After a lifetime of swimming just well enough to save myself from drowning, I decided a few years back to make an effort to improve. With a sense of trepidation, I committed to suffering through the necessary laps to accomplish this. But, before embarking on this painful course I came across Terry and his refreshing approach. His coaching philosophy, stressing efficiency gains over struggle, has revolutionized my relationship to the water and has made swimming one of my favorite activities.
Introducing this lecture, Terry notes:
The average human swimmer converts only 3% of energy and "horsepower" into forward motion. The other 97% gets diverted into our struggles with sinking, instability, drag, our inability to "grip" the water, etc. For comparison, elite swimmers are just 10% efficient -- that's right, even Michael Phelps wastes 90% -- whereas dolphins are 80% energy efficient.

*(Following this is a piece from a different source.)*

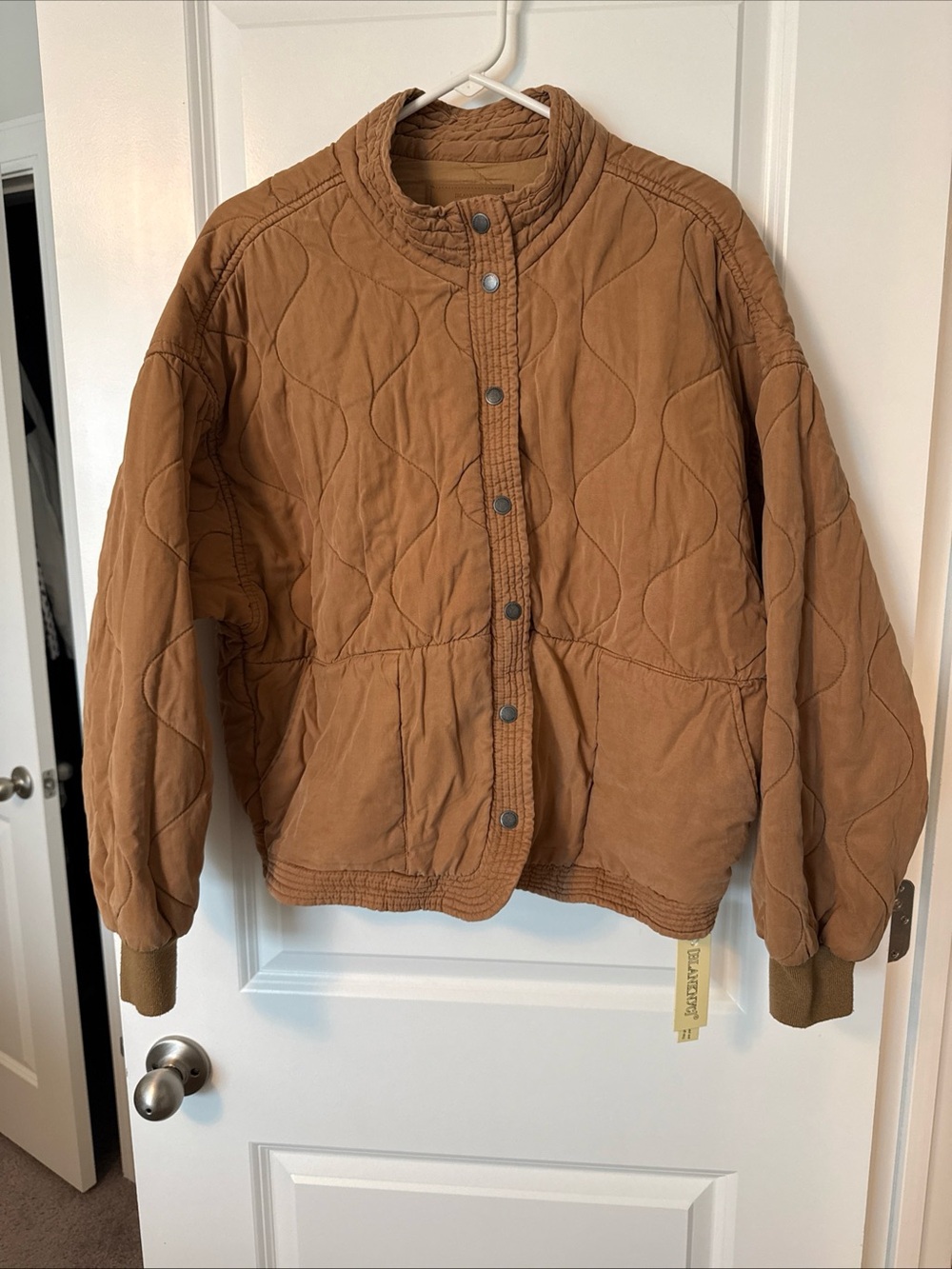 NWT BlankNYC Tan Quilted Jacket Snap-Up Puffy Sleeve Soft and lightweight Large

This means that the overwhelming opportunity for improving your endurance or speed is to reduce energy waste, not increase power or fitness -- since 97% of what you add will go to waste anyway if you don't address the waste.
In a series of six video clips, Terry covers:
1) Introduces his talk and makes the point that every session swimming should have the goal of improvement [embedded above];
2) Expands on the efficiency argument and explores the balance between propulsive and resistive forces acting on a swimmer;
3) Considers the difference between land (where performance comes from "building the engine") and water (where "shaping the vessel" is the key).
5) Emphasizes how the hand must extend the body line to split the water; and
6) Finally, Terry takes questions from the audience.